Generating CycloneDX BOMs
There are many ways to generate BOMs, each method having various trade-offs. CycloneDX recommends organizations establish a process around BOM generation that aligns with the needs of the business and that of the BOM consumer. In practice, BOM generation is a process, not a one-time event. As organizations mature their BOM efforts and consumers expect increased accuracy and expanded data, having an established process that can accommodate multiple generation methods and the ability to augment and correct BOM data throughout the generation process will provide strategic advantages.
The following process is the path most traveled by organizations that first adopt SBOMs. This process starts with SBOM generation, which is often performed during the build process, followed by consumption and analysis of the SBOM. Simultaneously, the SBOM is often published alongside the artifacts that result from the build process.
For some organizations, the process above is where their journey ends. However, for many other organizations, it’s just the start. OWASP recommends that SBOM creation become an integrated and repeatable process aiming to achieve accurate and trustworthy results. The following is an example workflow that illustrates SBOM creation, verification, and enrichment using multiple tools and techniques.
The benefits of this approach are numerous. It starts with SBOM generation in the build lifecycle. This typically involves a plugin specific to the build tool used, which often generates the most accurate and complete set of initial results. Build plugins often rely on manifests that can be manipulated or, in the case of unmanaged dependencies, may not include all dependent components.

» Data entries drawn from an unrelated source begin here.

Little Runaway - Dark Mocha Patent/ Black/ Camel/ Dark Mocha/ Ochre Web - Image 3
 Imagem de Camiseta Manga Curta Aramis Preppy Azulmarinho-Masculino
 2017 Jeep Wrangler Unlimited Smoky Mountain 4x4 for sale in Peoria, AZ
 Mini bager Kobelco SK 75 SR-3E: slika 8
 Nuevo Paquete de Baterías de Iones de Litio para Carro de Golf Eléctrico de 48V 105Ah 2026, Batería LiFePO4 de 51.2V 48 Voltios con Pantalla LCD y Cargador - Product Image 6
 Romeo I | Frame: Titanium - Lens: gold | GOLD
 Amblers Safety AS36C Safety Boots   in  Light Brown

The verification stage may involve specialized tools that perform different types of analysis against the build artifacts and compare the findings to the results in the SBOM. If there are deltas, then the resulting SBOM may need to be corrected.
One common scenario where correction often occurs is with modified or forked components. Manifest and binary analysis typically falls short in properly identifying modified components. Tools may identify the component as being modified or the upstream version but generally cannot distinguish what the modifications were, who made them, or for what purpose. Open source is the ultimate supply chain. Components can and will be modified. Often these modifications are to add new features or to backport security fixes. Describing these modifications in the SBOM greatly increases its accuracy and the perceived trustworthiness of the SBOM and the vendor who provided it. Tracking modifications is referred to as “pedigree” and is covered later in the “Relationships” chapter.
As the SBOM process evolves, it may become an integrated part of building software. One vision of this type of process comes from DJ Schleen who proposed the following reference architecture:
The content in this architecture is beyond the scope of this guide, but is provided to illustrate what is possible using freely available open source tools.
Approaches to Generating CycloneDX SBOMs
There are many approaches to generating SBOMs. Each has its strengths, but all provide value in an SBOM process. Common approaches are listed below along with the lifecycles they could be executed in.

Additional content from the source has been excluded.